The research found that over a 12-year timeframe, a build-up of dust and dirt causes increased sensitivity in the devices, regularly resulting in a higher instance of false alarms. In domestic settings, this means that people inevitably end up checking whether an alarm is a genuine fire. This is not only an inconvenience, but also increases the likelihood of people becoming complacent over time and beginning to ignore alarms, even when there is a real risk.

Currently no strict mandatory period of replacement for domestic smoke alarms exists within British regulatory standards and it is likely that many households in the UK have alarms older than 12 years fitted. The findings revealed by the study are to be implemented into UK codes and guidance on recommended replacement periods for optical smoke alarms in domestic environments and will also be actively adopted by the Fire Industry Association, who helped to fund the research, and the British Standards Institutions (BSI) Committee.

The aim is for this to also influence other countries both in and outside of Europe to adopt more appropriate replacement periods, as current guidelines are not underpinned by accompanying research, which BRE is seeking to change.

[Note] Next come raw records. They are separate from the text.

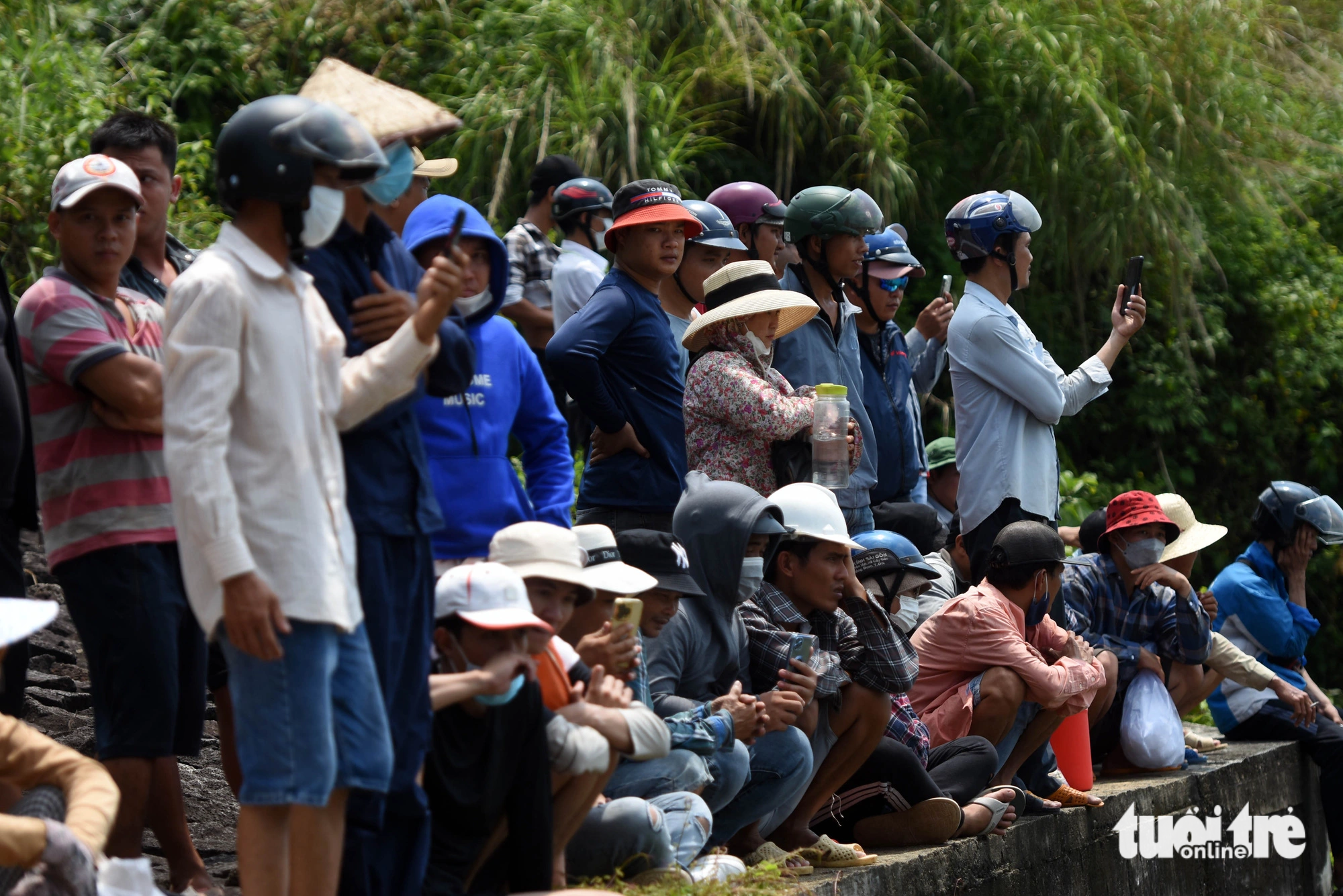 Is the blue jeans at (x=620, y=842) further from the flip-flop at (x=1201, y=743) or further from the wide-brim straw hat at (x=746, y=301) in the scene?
the flip-flop at (x=1201, y=743)

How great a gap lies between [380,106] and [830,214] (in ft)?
10.6

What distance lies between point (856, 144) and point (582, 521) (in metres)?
5.66

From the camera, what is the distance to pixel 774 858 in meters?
5.04

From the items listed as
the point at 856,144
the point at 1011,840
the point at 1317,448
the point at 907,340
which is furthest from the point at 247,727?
the point at 1317,448

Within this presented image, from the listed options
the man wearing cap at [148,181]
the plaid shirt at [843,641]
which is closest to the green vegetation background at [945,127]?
the man wearing cap at [148,181]

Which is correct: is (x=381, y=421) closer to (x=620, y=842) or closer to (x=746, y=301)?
(x=620, y=842)

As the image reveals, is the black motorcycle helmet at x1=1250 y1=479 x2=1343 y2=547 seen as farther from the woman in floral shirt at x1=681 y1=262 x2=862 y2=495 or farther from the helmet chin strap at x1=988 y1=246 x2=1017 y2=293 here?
the woman in floral shirt at x1=681 y1=262 x2=862 y2=495

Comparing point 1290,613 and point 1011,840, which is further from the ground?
point 1290,613

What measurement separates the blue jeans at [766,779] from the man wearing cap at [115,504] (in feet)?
5.30

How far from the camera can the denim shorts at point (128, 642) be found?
12.6 feet

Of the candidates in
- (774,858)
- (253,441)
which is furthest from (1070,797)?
(253,441)

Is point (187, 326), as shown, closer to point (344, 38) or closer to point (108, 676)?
point (108, 676)

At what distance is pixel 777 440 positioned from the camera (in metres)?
5.86

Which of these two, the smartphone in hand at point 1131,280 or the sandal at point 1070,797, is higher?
the smartphone in hand at point 1131,280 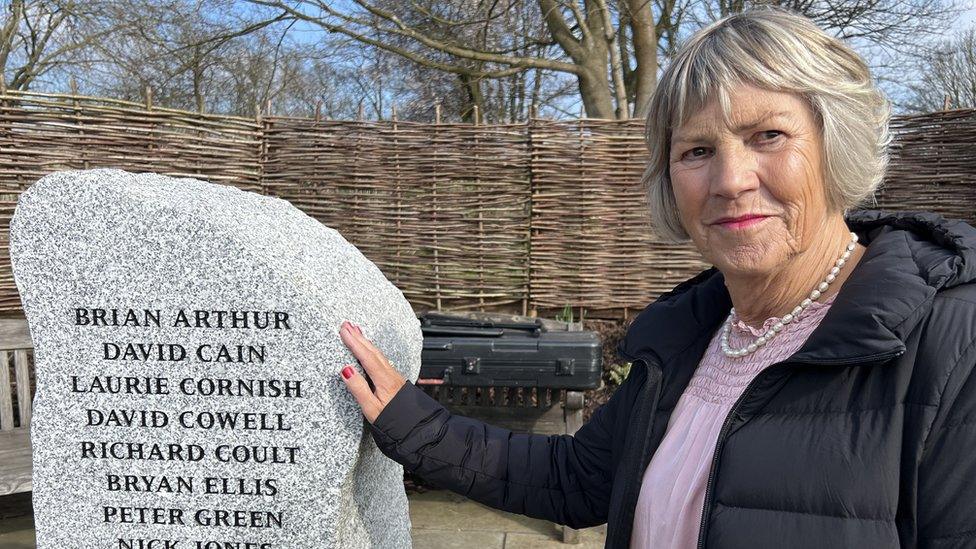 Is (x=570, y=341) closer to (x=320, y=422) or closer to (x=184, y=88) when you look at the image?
(x=320, y=422)

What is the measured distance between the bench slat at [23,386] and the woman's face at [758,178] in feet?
12.8

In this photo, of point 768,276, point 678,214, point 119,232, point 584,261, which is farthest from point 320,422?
point 584,261

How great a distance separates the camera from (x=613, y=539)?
1.45 metres

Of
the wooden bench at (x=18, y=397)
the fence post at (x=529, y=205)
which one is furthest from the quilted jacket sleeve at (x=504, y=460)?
the fence post at (x=529, y=205)

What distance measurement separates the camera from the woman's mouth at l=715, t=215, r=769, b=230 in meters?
1.28

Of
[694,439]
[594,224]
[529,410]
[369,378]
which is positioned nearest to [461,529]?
[529,410]

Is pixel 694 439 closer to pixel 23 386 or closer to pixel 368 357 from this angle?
pixel 368 357

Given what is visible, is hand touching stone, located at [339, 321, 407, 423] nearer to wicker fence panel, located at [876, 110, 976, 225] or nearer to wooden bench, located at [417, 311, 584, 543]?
wooden bench, located at [417, 311, 584, 543]

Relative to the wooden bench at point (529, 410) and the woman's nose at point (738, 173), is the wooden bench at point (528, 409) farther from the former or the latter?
the woman's nose at point (738, 173)

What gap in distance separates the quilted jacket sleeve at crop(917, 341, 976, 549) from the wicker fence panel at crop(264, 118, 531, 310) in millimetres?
4810

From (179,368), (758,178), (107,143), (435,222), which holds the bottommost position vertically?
(179,368)

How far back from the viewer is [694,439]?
1359 mm

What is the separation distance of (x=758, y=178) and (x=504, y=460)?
92cm

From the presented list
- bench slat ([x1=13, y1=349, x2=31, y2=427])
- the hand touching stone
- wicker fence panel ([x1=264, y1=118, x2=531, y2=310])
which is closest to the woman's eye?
the hand touching stone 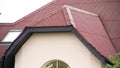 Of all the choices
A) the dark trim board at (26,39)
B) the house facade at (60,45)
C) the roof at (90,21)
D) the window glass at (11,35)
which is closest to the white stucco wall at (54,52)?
the house facade at (60,45)

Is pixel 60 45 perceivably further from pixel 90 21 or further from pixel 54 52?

Raman Chagger from BRE said: “To make for a safe built environment, it is crucial that smoke alarms operate at optimum sensitivity and deliver a quick response in the event of a fire. BRE is therefore calling on consumers to regularly check their smoke alarms, including the date of manufacture, to ensure they are fully functional, responsive, and within the recommended replacement period. This is a step that people can take themselves to make sure they are safe within their homes. We are very excited that the findings from this study are being incorporated into official guidance and that the research will hopefully deliver tangible change.”